= Tashi Quartet =

American chamber music ensemble

The Tashi Quartet (originally known as TASHI) is an ensemble of violinist Ida Kavafian, pianist Peter Serkin, cellist Fred Sherry and, later, clarinetist Richard Stoltzman, founded in 1973 for the purpose of playing Quartet for the End of Time by Olivier Messiaen, as well as commissioning new works. The ensemble made several recordings for the RCA Red Seal label. After some 30 years of inactivity, in 2008 Tashi reunited for a tour to celebrate the centenary of Messiaen's birth.

Peter Serkin was fascinated by the concept of ‘sound color,’ created by composer Olivier Messiaen. Its history was Messiaen’s experience in a prisoner of war camp. There he composed Quartet for the End of Time. It was based on the color of visions Messiaen had while suffering internment, and it was written for the only musicians at the camp. Their instruments: cello, clarinet, piano and violin.
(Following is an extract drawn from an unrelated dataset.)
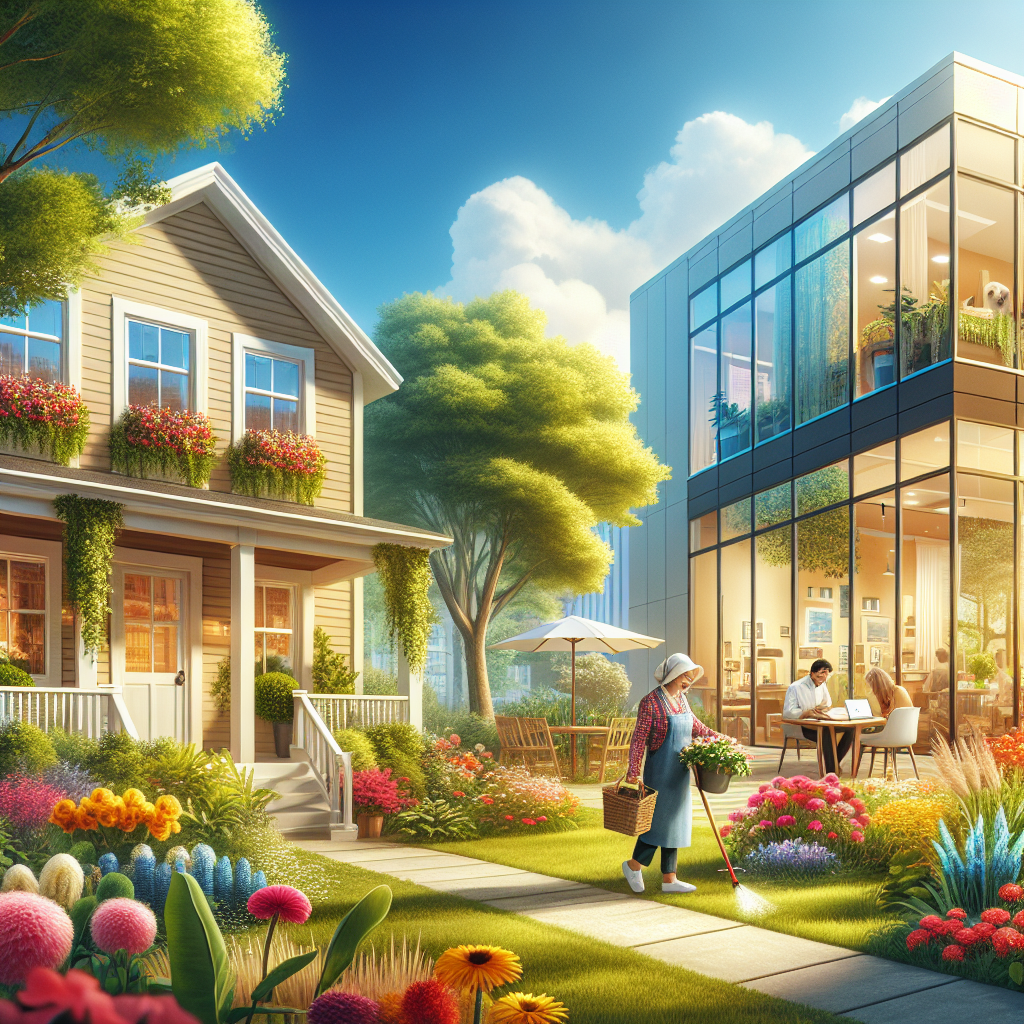 A community scene in Magrath Heights featuring a cozy home and a busy office.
Serkin was compelled to form a group with those same instruments that would take Messiaen’s masterpiece forward in time.

Once formed, the new quartet needed a name, and the name of Serkin’s Tibetan Terrier Tashi seemed perfect. Serkin purchased Tashi as a puppy from a Tibetan weaver while in Kathmandu. A Buddhist Lama, responsible for naming children and pets, named Tashi the dog for the Tibetan symbol of good fortune. Thus, the debut record album by the Tashi Quartet has a brightly colored Tibetan painting of this symbol as its cover.

One record cover was painted by Wendy Serkin together with Tibetan master thangka painters Noedrup and Rinzen Rongae.